Your Child’s developing brain is shaped by the combination of genetic expressions and early experiences
So why would the brain make more synapses than it needs and later discard the extra ones? The answer is that brain development is a product of the interplay between genetic and environmental factors. While the genes provide a blueprint for the brain, Your Child’s environment and experiences determine how the genes are expressed. In other words, the genes allow the brain to fine-tune itself according to the input it receives from the environment.

The input from the environment, which neuroscientists now believe is a critical factor in brain development, comes from the “serve and return” relationship between the child and their parents and other people. Your Child naturally tries to interact with you or the people around through babbling, facial expressions, and gestures (which researchers often call the serve). You should gesture back to the little one and respond with the same kind of vocalizing (the so-called return).

Without such responses — or if the answers are unreliable or inappropriate — Your Child’s brain architecture will likely not form as expected. This can lead to disparities in learning and behavior.

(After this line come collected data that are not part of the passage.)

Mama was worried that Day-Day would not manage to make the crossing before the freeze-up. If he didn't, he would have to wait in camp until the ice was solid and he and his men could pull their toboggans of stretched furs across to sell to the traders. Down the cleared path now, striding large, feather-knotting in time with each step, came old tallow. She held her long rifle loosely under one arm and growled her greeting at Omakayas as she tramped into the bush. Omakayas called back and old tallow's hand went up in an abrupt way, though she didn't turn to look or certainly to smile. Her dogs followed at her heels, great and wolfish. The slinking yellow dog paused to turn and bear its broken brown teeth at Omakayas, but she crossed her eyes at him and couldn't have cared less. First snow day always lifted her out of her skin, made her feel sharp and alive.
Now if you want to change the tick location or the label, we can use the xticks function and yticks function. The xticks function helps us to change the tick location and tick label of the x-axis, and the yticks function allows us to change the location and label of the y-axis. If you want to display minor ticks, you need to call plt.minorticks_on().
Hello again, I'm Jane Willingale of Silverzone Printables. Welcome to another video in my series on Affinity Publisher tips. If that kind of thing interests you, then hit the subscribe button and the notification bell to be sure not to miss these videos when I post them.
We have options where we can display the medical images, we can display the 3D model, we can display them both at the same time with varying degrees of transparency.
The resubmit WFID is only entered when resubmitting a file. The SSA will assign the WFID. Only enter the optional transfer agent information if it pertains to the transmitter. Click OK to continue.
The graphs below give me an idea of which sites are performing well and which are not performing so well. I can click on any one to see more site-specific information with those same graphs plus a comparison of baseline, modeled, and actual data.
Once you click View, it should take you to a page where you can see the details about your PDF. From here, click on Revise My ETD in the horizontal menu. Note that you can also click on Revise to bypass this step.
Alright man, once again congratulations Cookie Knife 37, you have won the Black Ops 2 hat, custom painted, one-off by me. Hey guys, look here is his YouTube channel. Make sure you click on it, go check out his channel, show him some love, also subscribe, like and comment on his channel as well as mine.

The brain’s capacity for change decreases with age
Your Child’s brain is most flexible (plastic) early in life to accommodate a wide range of environmental inputs and interactions. But as the brain matures, the various centers get more specialized to assume more complex functions. As a result, it becomes less capable of reorganizing and adapting to new or unexpected challenges.

The phenomenon is known as early plasticity. It simply means that it’s easier and more effective to influence a baby’s developing brain architecture than to rewire parts of its circuitry in the adult years.

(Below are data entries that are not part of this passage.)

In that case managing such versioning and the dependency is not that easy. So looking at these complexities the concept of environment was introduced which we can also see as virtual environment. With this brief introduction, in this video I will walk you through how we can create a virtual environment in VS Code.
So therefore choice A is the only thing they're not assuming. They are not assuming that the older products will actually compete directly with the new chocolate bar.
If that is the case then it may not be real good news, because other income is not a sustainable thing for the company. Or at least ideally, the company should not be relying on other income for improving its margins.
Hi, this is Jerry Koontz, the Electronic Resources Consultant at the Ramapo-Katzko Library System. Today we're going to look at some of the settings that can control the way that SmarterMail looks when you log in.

By the first year, the parts of the brain that interpret sounds are becoming accustomed to the language the baby has been exposed to. In addition, the brain is already starting to lose the ability to recognize different sounds found in other languages. While it’s still possible to learn other languages, it becomes increasingly difficult (requiring conscious efforts) over time, as the brain circuit that controls language becomes more specialized.

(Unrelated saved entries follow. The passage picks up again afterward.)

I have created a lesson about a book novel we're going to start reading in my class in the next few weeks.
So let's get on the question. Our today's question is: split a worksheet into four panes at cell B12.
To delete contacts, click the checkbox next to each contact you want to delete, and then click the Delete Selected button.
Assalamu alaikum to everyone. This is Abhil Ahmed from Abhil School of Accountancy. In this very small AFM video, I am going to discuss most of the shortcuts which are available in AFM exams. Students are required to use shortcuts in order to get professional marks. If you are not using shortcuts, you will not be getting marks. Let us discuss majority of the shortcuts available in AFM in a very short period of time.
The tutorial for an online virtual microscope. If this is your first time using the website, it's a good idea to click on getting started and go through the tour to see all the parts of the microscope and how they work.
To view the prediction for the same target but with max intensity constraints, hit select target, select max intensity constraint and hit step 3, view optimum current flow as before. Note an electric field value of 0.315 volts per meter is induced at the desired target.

Cognitive, emotional, and social capacities seem all intertwined
The brain is a very complex organ with multiple functions, which operate in a highly coordinated fashion. An individual’s cognitive abilities appear to be linked to emotional intelligence and social competence. These three, together, form the bedrock of mental wellbeing.

Your Child’s emotional and physical health, social skills, and cognitive-linguistic capacities, which are majorly determined by how well the brain developed in the early years, are all important prerequisites for success in school and, later, in the workplace and community.

Toxic stress can damage the brain, but positive stress can aid its development
Toxic stress is a strong, unrelieved stimulation of the body’s stress management system, often caused by repeated abuse, neglect, severe maternal depression, or other factors that cause trauma for the mother (indirect stress) or the child (direct stress). It is now clear that chronic, unrelenting stress in early childhood can be toxic to the developing brain. Children may experience toxic stress if they are repeatedly left alone without an explanation.

While toxic stress is dangerous for the developing brain, positive stress is an important and necessary aspect of healthy development.

Positive stress is a moderate, short-lived physiological response to uncomfortable experiences within a secure setting – a child may experience such stress when it learns how to walk within the safety of your presents.

Support Your Child’s brain to develop optimally
A child’s brain will develop the best if they grow up in an environment that is rich in positive social interactions and is fed with nutritious food. A healthy environment is one that protects children from any sources of toxic stress which can affect the developing brain for life and lead to problems in learning, behavior, and mental and physical health later in life.